OTOH if qdisc doesn't have room for a new skb in its *software* queue,
the skb is dropped and congestion is reported upwards the stack.

>>> What sorts of things go wrong if you do return an error here when you 
>>> don't
>>> have a queue?
>>
>>
>> It is interpreted as a tx failure rather than congestion. So it doesn't
>> help the upper layers like you wanted it to.
>> And it spews out an error message.
> 
> 
> The e1000 and probably other NICs have failed hard_start_xmit for a long
> time, and they are some of the most stable and high-performance NICs.
> So, the upper layers must be handling it OK some how or another.

Yes, this is perfectly valid for real devices. It is handled by the
qdisc system - specifically qdisc_restart().

> Can you point me to some code that takes a different action based on the
> return values of dev_queue_xmit?  That may help me understand better.

This is hard to track due to indirect function calls, but take a look
at tcp_transmit_skb().
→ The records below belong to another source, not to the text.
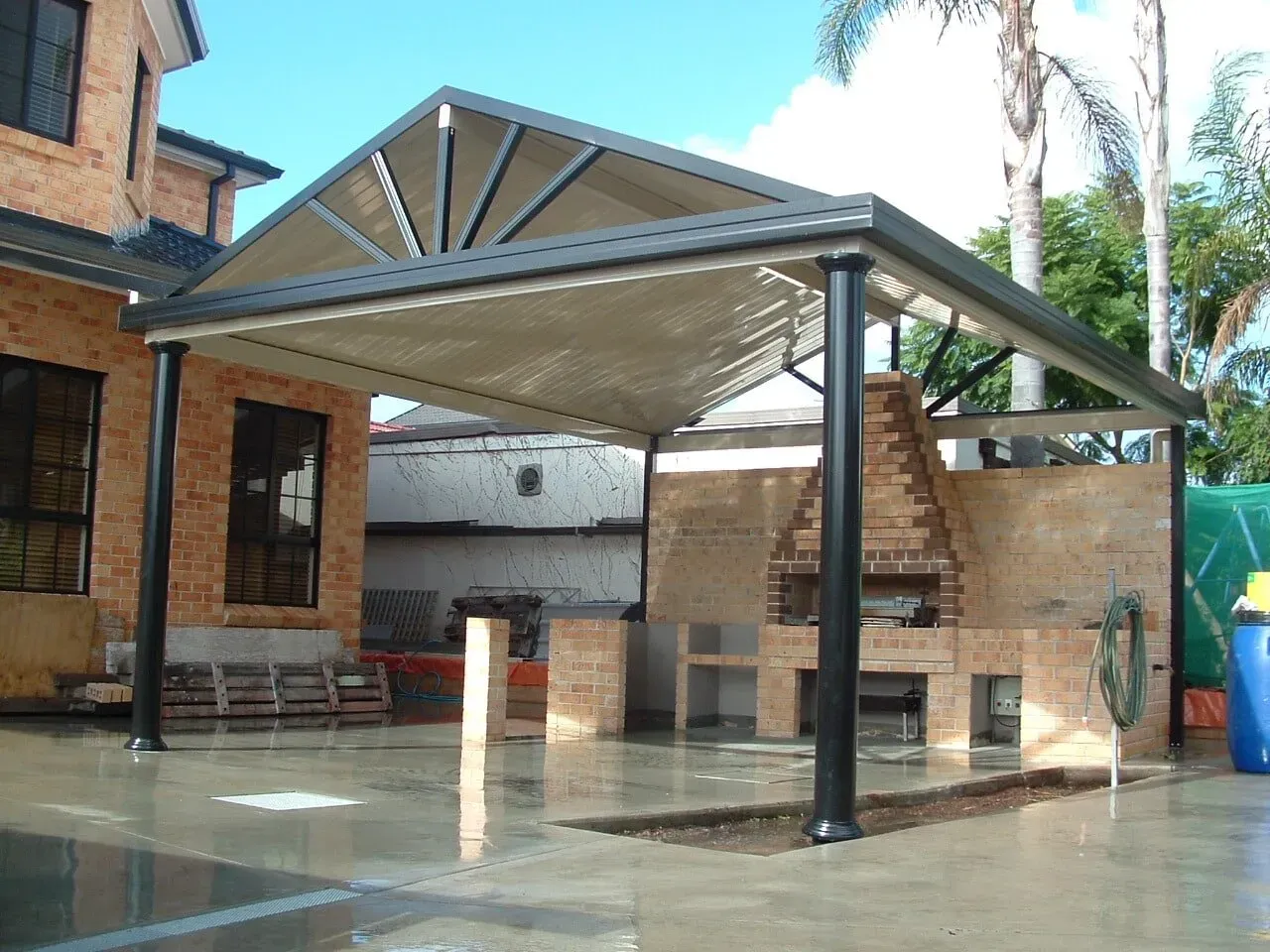 A barbecue area with a large patio over it — Hunter & Mid Coast Patios In Hamilton, NSW
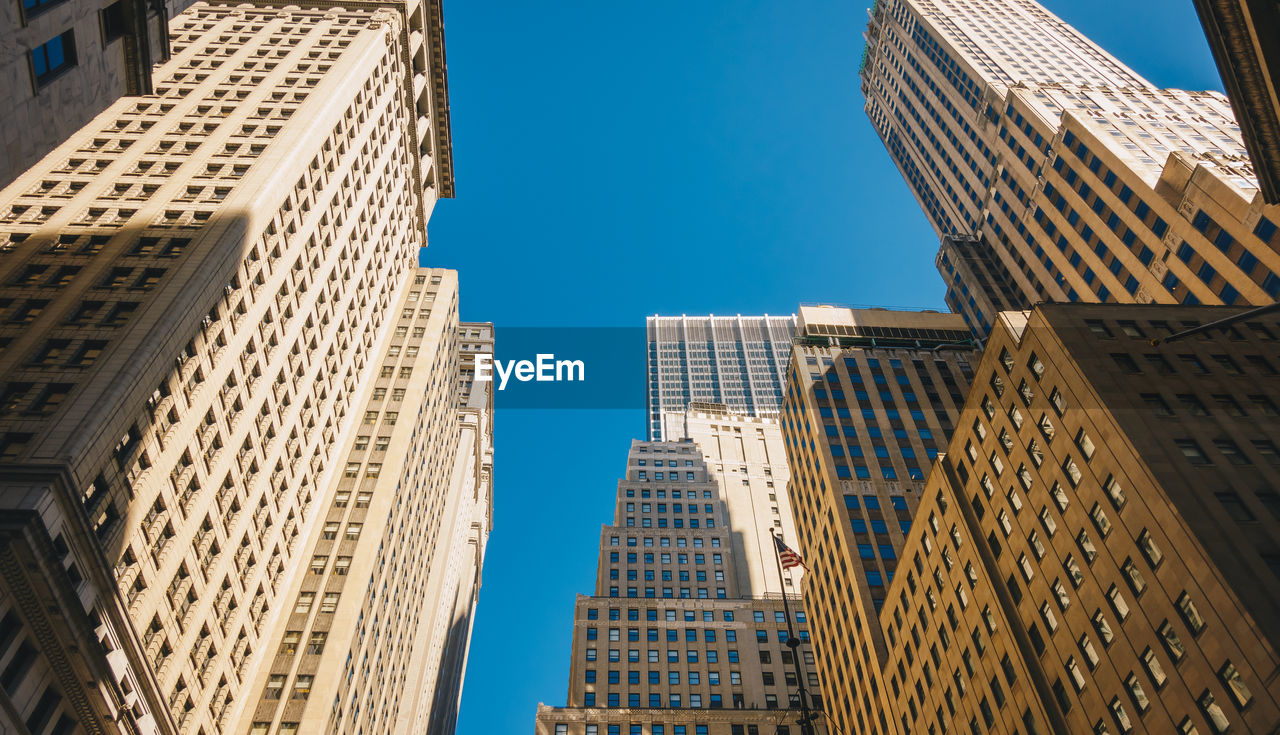 LOW ANGLE VIEW OF BUILDINGS AGAINST BLUE SKY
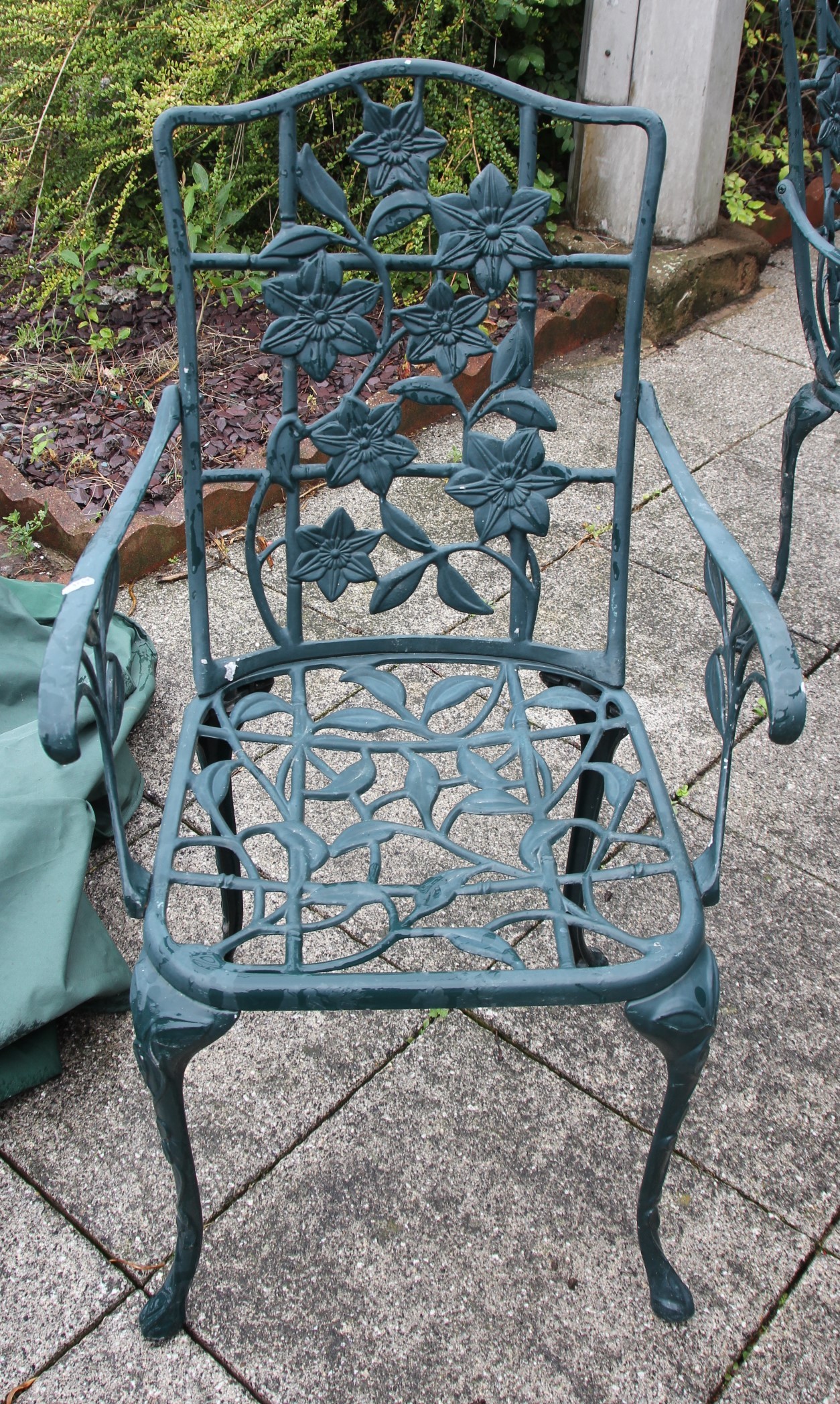 A cast metal garden dining set, painted dark green with floral decoration, with four - Image 3 of 4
It ultimately calls dev_queue_xmit().

>>>> o So, lets add a tx queue to it. Sure, that would be nice. Now we 
>>>> can even do shaping
>>>>   and other fancy stuff. But then how do we manage 
>>>> netif_queue_stopped? Especially
>>>>   restarting the queue could be tricky.
>>>
>>>
>>> Right... it would probably be an O(N) thing to wake the queues for 
>>> all virtual
>>> devices on a physical device, and we certainly don't want to do that
>>> often.  Maybe if you only tried to wake the blocked queues (ie, kept 
>>> a list
>>> of just blocked queues), then that would be less painful on average,
>>> but the worst-case is still bad.
>>
>>
>> Yeah, we probably would need some sort of notification from the
>> qdisc of the underlying device when it can accept packets again.
> 
> 
> I did something like this for my non-busy-spin pktgen re-write and it
> works fine with both VLANs and physical devices.  I just hooked
> directly into this code in netdevice.h:
> 
> static inline void netif_wake_queue(struct net_device *dev)
> {
> #ifdef CONFIG_NETPOLL_TRAP
>     if (netpoll_trap())
>         return;
> #endif
>     if (test_and_clear_bit(__LINK_STATE_XOFF, &dev->state)) {
>         __netif_schedule(dev);
> 
>                 if (dev->notify_queue_woken) {
>                    dev->notify_queue_woken(dev);
>                 }
>         }
> }
> 
> pktgen registers this hook on the physical device when it starts 
> generating on
> the physical device or any VLANs attached to it.  To make a scheme like 
> this work
> in general, we'd probably need a chain of callbacks instead of a single 
> method
> pointer...

Nice. This idea is definitely worth persuing. However, ideally we
would want to be notified when the *qdisc* queue opens up - this
is our "tx ring buffer".

>>>> o But couldn't we skip netif_stop_queue() and just return 
>>>> NETDEV_TX_BUSY when congested?
>>>>   No, that would make the qdisc system "busy-retry" untill it 
>>>> succeeds. BAD.
>>>>
>>>> o It is unsafe to pass a shared skb to dev_queue_xmit() unless you 
>>>> control all the
>>>>   references yourself. (It will likely be enqueued on a list.)
>>>
>>>
>>> Since we either free the duplicate copy, or pass it to the queue and 
>>> forget
>>> about it, this last point does not matter in the patch I submitted, 
>>> right?
>>
>>
>>
>> Yes. This is the right way to do it. *Unless* the skb is already shared
>> when you receive it (e.g. from pktgen).
> 
> 
> You can't send shared skbs regardless, because the vlan Xmit changes the 
> skb->dev at least, so
> you just have to set the multi-skb setting in pktgen to 0 so that it 
> does not
> share when using VLANs.

By sheer accident, this would actually work! Nevertheless, the code
should obviously handle this correctly (whatever that means?!).


-Tommy